Hi there. I need advice on my current relationship with my boyfriend. He has a tendency to be mean with me for just about anything. Sometimes, I phone him, without knowing that it is a bad time, and he goes off at me like I just murdered his cat. I have told him time and again that being mean, sarcastic, or belittling never helps any situation. He sometimes admits to being mean, but the very next day, he is back to being nasty and breaking me down.

Two weekends ago, he told me that I was welcome to come over when he finished work, which I did. When I got to his place, he ignored me, and was angry that I was even there. He said that he doesn't even have a chance to relax and play a computer game. I told him that if he had just asked me to come later, I would have gladly done so. His response was that he wouldn't dare do that, because then I would be upset. He said that I even have a problem with him working because it means that I can't spend time with him, which is absurd!

In reality, it is not about him spending time with me that makes me upset, it is how his being mean and nasty.

He says that sometimes he tells me over the phone that he will call me later simply so that he can get rid of me temporarily. He says he has no time to do what he wants to do because of my presence.

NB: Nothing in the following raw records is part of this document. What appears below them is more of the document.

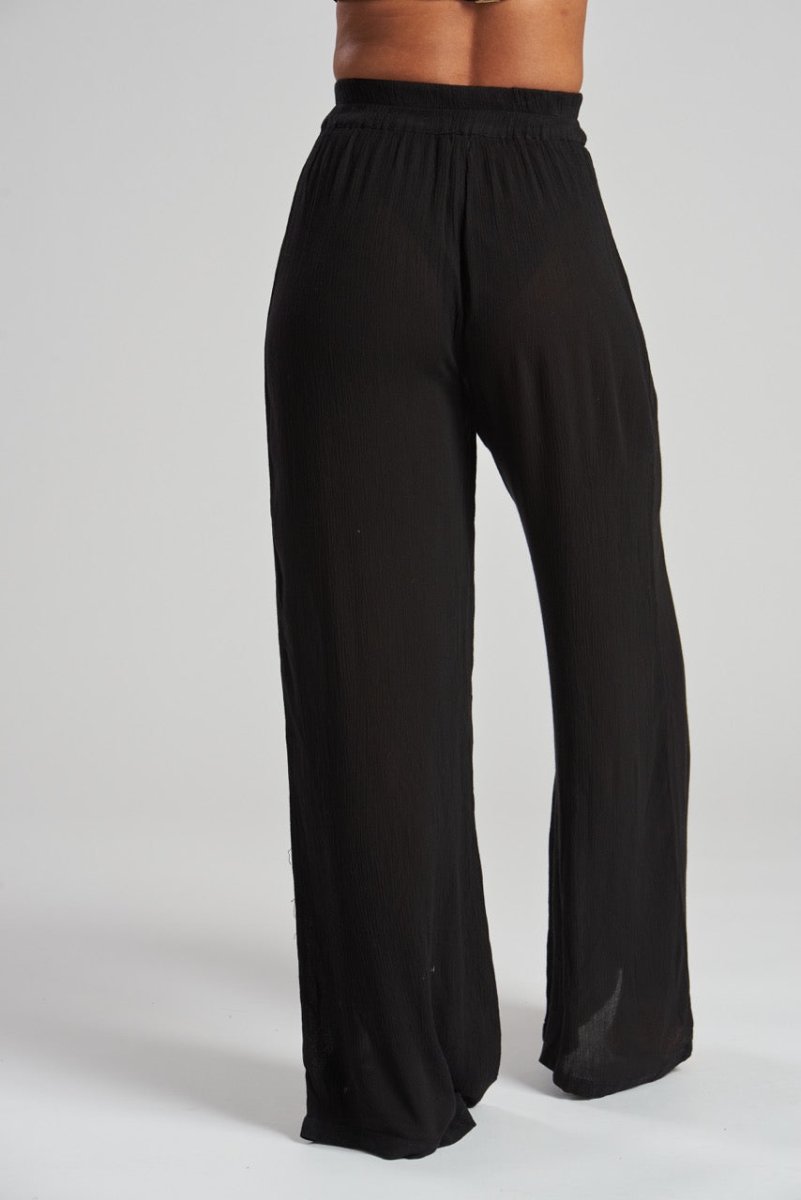 South Beach Black Crinkle Wide Leg Trousers - Franklins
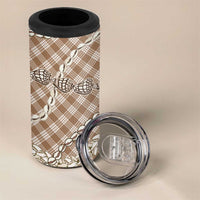 Brown Aloha Hawaii Shell Lei 4 in 1 Can Cooler Tumbler Palaka Hebrew Cone Honey Cowrie Elegant Curves - Polynesian Pride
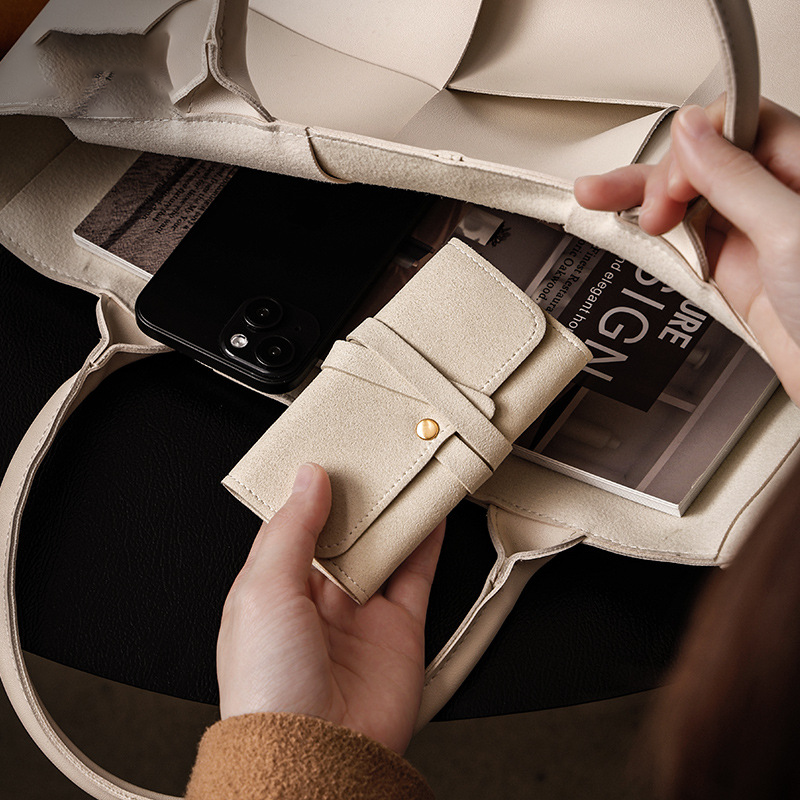 Portable multifunctional leather jewelry clutch bag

Whenever I talk to him about his being mean, he says that he is not interested in arguing and that I should let the past be the past. I then tell him that he is being mean to me even in saying this at this instant. And that sparks off another row.

I am going crazy and do not know what to do. The situation isn't improving…

Answer

Hi Jodi. :)

I can understand what you are going through as I too have been in a relationship (and am still in one).

The first thing I tried to ask myself was, "Why might your boyfriend be behaving in this manner? Why would he constantly be angry about the fact that you call him or visit him way too often?"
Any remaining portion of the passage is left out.